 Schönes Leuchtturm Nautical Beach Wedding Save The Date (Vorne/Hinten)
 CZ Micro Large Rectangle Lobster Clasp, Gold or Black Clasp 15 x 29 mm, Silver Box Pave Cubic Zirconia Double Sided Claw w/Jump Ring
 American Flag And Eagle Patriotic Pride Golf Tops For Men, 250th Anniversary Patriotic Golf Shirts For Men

==

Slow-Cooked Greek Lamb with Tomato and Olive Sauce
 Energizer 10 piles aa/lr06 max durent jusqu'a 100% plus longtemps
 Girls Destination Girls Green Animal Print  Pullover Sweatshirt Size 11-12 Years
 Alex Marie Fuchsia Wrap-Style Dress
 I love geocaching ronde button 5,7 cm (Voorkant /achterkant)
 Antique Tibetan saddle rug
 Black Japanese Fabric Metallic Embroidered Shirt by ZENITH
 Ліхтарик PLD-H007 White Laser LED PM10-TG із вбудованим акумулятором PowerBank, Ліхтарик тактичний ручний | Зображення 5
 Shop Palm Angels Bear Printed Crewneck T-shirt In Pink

EXERCISE INSTRUCTIONS –
For each line in the records that holds "Black", show that line as it stands.

FINAL ANSWER –
 CZ Micro Large Rectangle Lobster Clasp, Gold or Black Clasp 15 x 29 mm, Silver Box Pave Cubic Zirconia Double Sided Claw w/Jump Ring
 Black Japanese Fabric Metallic Embroidered Shirt by ZENITH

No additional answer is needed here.